(Records from a dataset)
####################
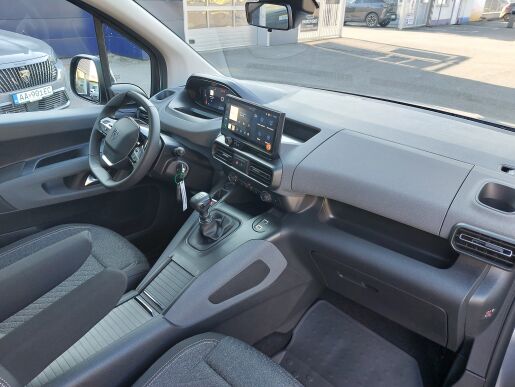 Peugeot Rifter NEW  RIFTER Enterprise  ALLURE 1.5 BlueHDi 130k BVM6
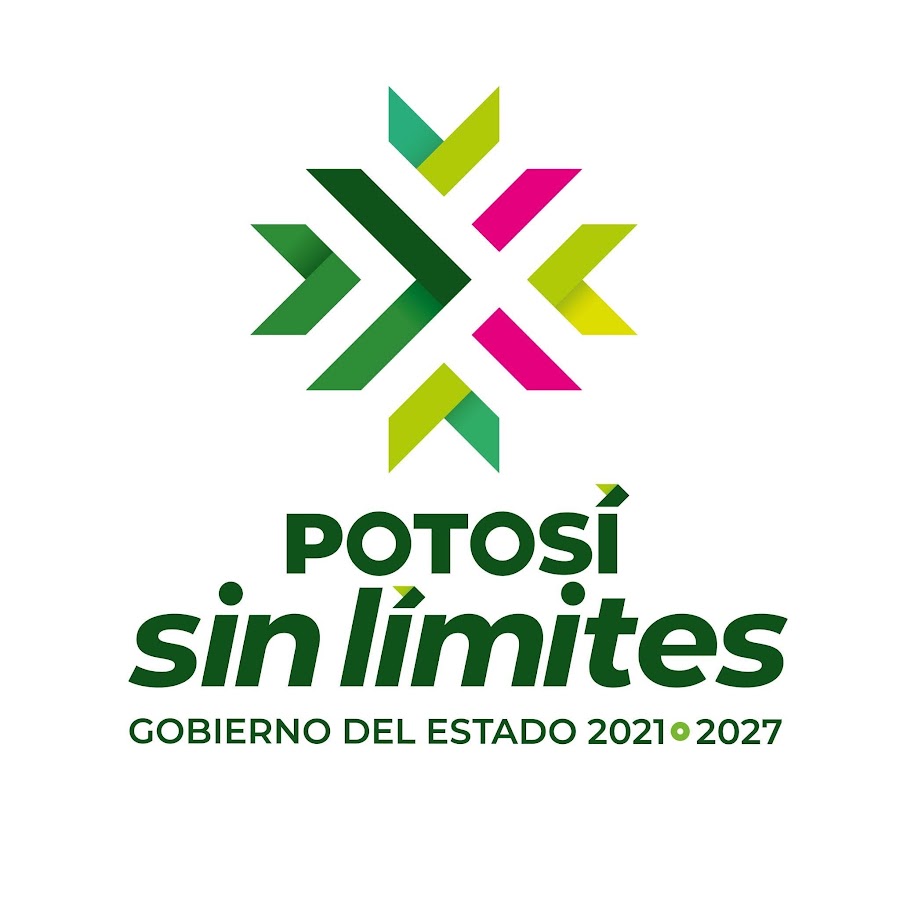 Logotipo de Potosí Sin Límites, cliente de Pantera Mayoristas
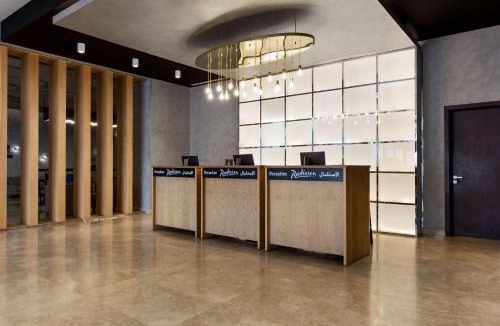Dammam Hotel | Radisson Hotel & Apartments Dammam Industrial City
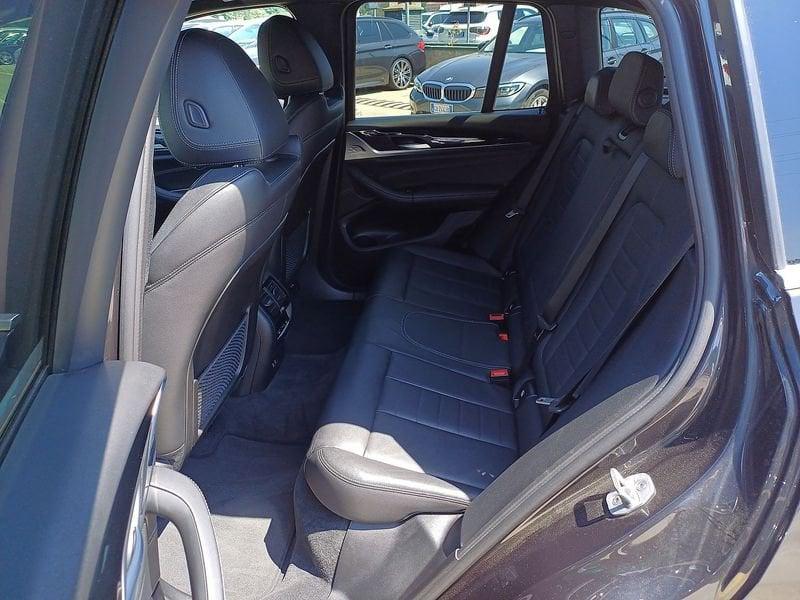 BMW X3 xdrive30e auto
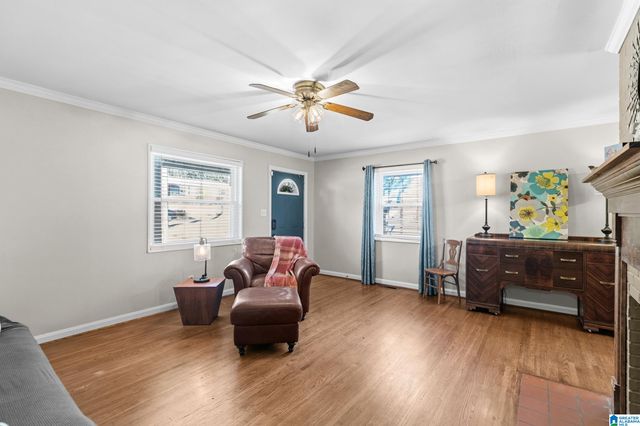 1333 CRESTHILL ROAD, Birmingham, AL 35213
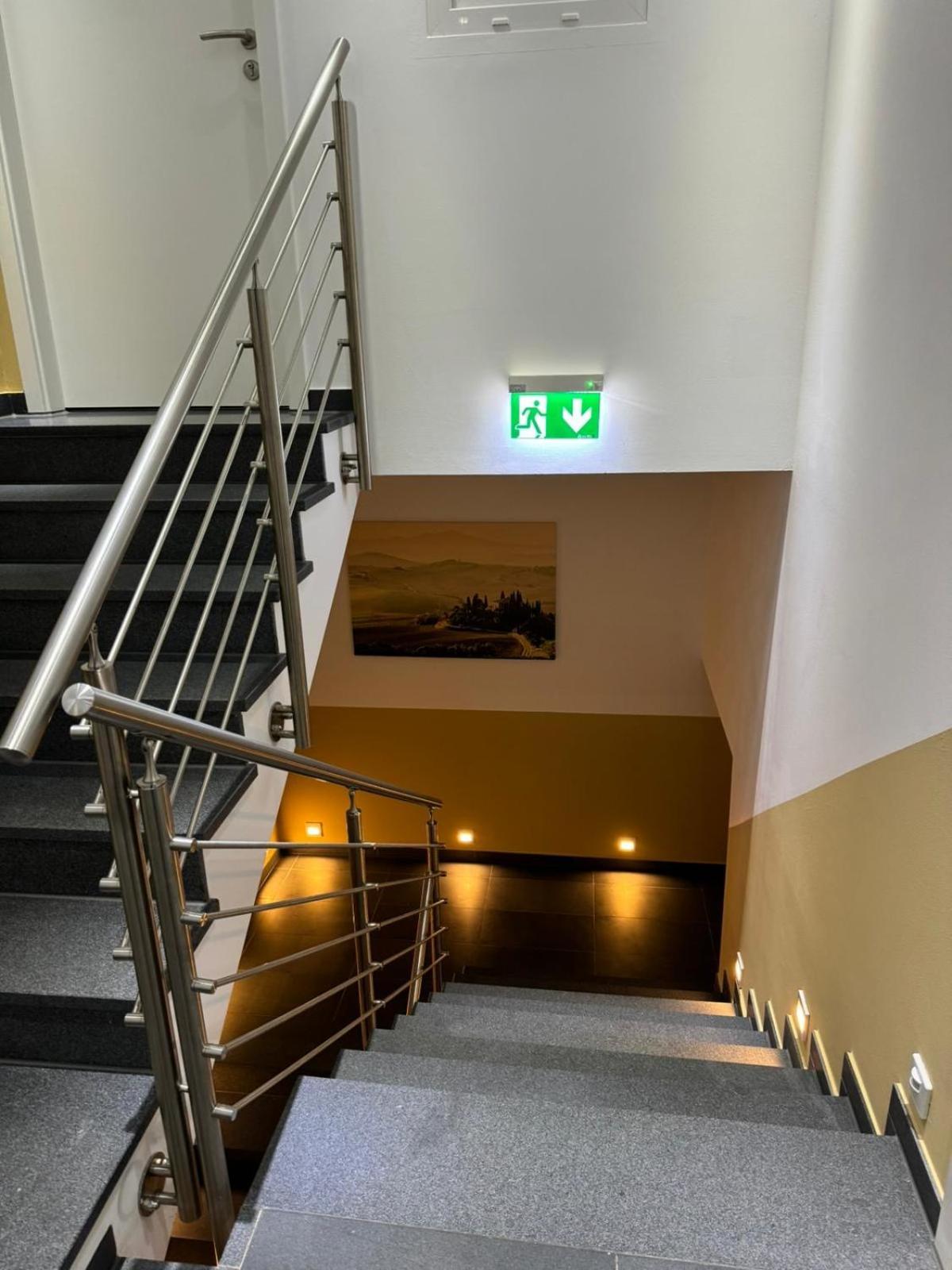 Stadtpension Heilbronn Luaran gambar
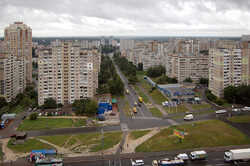 В Киеве перекрыли проезд транспорта на Академгородке — Киевавтодор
####################
TASK BRIEF — When you repeat the data, keep every line exact and drop the images.

WRITTEN ANSWER —
 Peugeot Rifter NEW  RIFTER Enterprise  ALLURE 1.5 BlueHDi 130k BVM6
 Logotipo de Potosí Sin Límites, cliente de Pantera Mayoristas
Dammam Hotel | Radisson Hotel & Apartments Dammam Industrial City
 BMW X3 xdrive30e auto
 1333 CRESTHILL ROAD, Birmingham, AL 35213
 Stadtpension Heilbronn Luaran gambar
 В Киеве перекрыли проезд транспорта на Академгородке — Киевавтодор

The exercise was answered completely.